(DATA FOR ANALYSIS Opens)
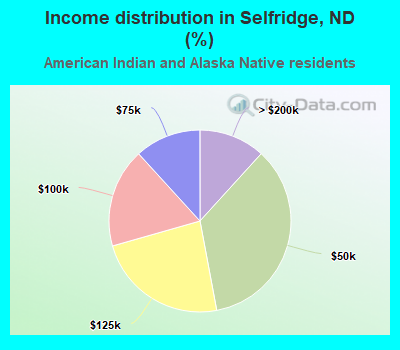Income distribution in Selfridge, ND (%)
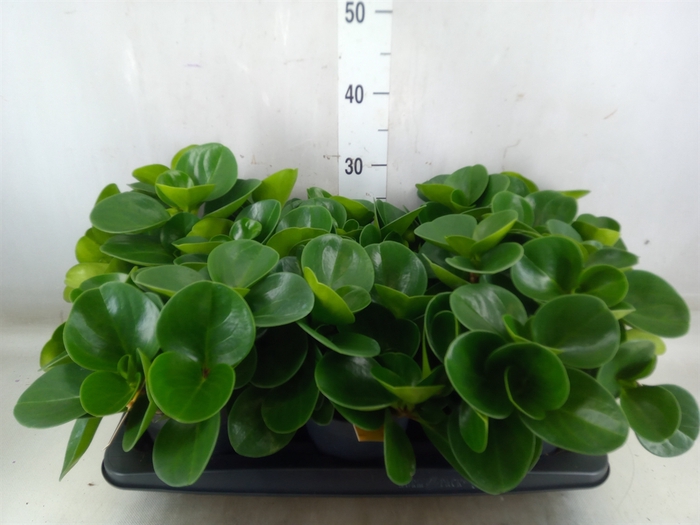 <h4>Peperomia obt. 'Green Gold'</h4>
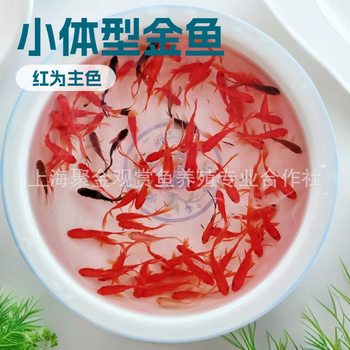 Wholesale Live Ornamental Goldfish, Small Red Grass Fish, Small Jars, Durable for Stalls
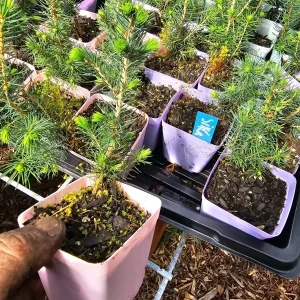 Sitka Spruce Live Tree - Small Conifer Evergreen in 3 inch Pot - Image 1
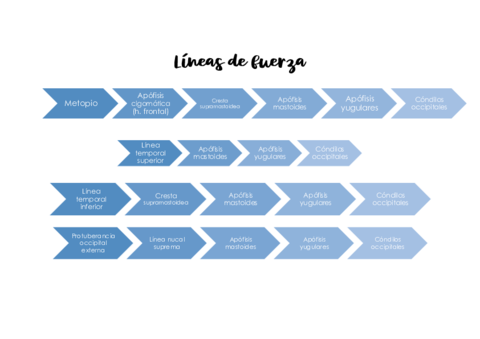 Lineas-de-fuerza.pdf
(DATA FOR ANALYSIS Closes)
### WHAT IS REQUIRED
Without changing a word, retype the data above and omit its pictures.

### EXERCISE OUTPUT
Income distribution in Selfridge, ND (%)
 <h4>Peperomia obt. 'Green Gold'</h4>
 Wholesale Live Ornamental Goldfish, Small Red Grass Fish, Small Jars, Durable for Stalls
 Sitka Spruce Live Tree - Small Conifer Evergreen in 3 inch Pot - Image 1
 Lineas-de-fuerza.pdf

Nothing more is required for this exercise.